Registered Charity 1005211

1. Objects, Powers and Method of Governance

Click here to see the Objects and Powers of the Furness Railway Trust.

The business of the Furness Railway Trust (an unincorporated association) is managed by a Committee in accordance with a constitution approved by the Charity Commission. The Committee is elected at each Annual General Meeting. Three Trustees are elected to stand for a period of three years, one Trustee standing for re-election each year. All other members of the Committee are elected annually. The Committee meets on a number of occasions throughout the year in order to manage the Trust's affairs and agree required courses of action.

The Trust's banker is the Royal Bank of Scotland, Talbot Square, Blackpool FY1 1LE.

The Trust's Independent Examiner is Mrs. M.L. Shrapnel ACMA, Midway House, Brow Edge Road, Backbarrow, Ulverston, Cumbria. LA12 8QT

2. Trustees and Committee Members

The following were the appointed Trustees and Committee Members of the Furness Railway Trust during 2003:

Trustees: N.R. Gard
  J. Houghton
  J.M. Kay Snr.
Committee Members: T.D. Owen (Chairman)
  D.M. Hewlett
  J.M. Kay Jnr.
  D.A. Rimmer
  E.V. Smith
  N. Smith
  J.E. Tricker
  Mrs. L. Weldon

Mr N.R. Gard was re-elected as a Trustee for a three-year period at the Annual General Meeting on 5th April 2003.

3. Summary of Activities

The restoration of the Furness Railway Trust's Victorian, former North London Railway (NLR) coach body, funded mainly by the Heritage Lottery Fund, was completed to schedule and within budget. Whilst restoration of the structure of this historic vehicle was contracted out to the Appleby Training and Heritage Centre, Trust volunteers undertook the project management work and the application of the internal and external finishes to the coach body and chassis. The coach was safely transported from the Appleby Training & Heritage Centre to the Trust's base, the Lakeside & Haverthwaite Railway, on 27th March, an event that evoked considerable press coverage.

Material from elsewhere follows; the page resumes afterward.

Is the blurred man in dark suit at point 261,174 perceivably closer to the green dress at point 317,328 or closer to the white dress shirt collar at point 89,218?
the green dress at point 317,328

The vehicle passed its examination by Her Majesty's Railway Inspectorate, under the Railways and Other Tramways Regulations, 1994, and was granted an exemption to allow legal operation under the Rail Vehicle Accessibility Regulations, 1998. The coach then successfully entered passenger service on charters and evening 'Victorian Train' services, to much acclaim.

As a direct result of the NLR coach project, the Trust was gifted a second unique coach body, built for the same railway, which was transferred from a garden in Solihull to safe storage at Appleby on 25th March. Restoration of this vehicle will depend on suitable long-term covered accommodation being found.

The standard of work achieved by the Trust in its restoration activities was again recognised when the National Railway Museum requested the presence of the North London Railway coach and Furness Railway locomotive No. 20 at the week-long Railfest 2004 celebrations, to be held at York at the end of May.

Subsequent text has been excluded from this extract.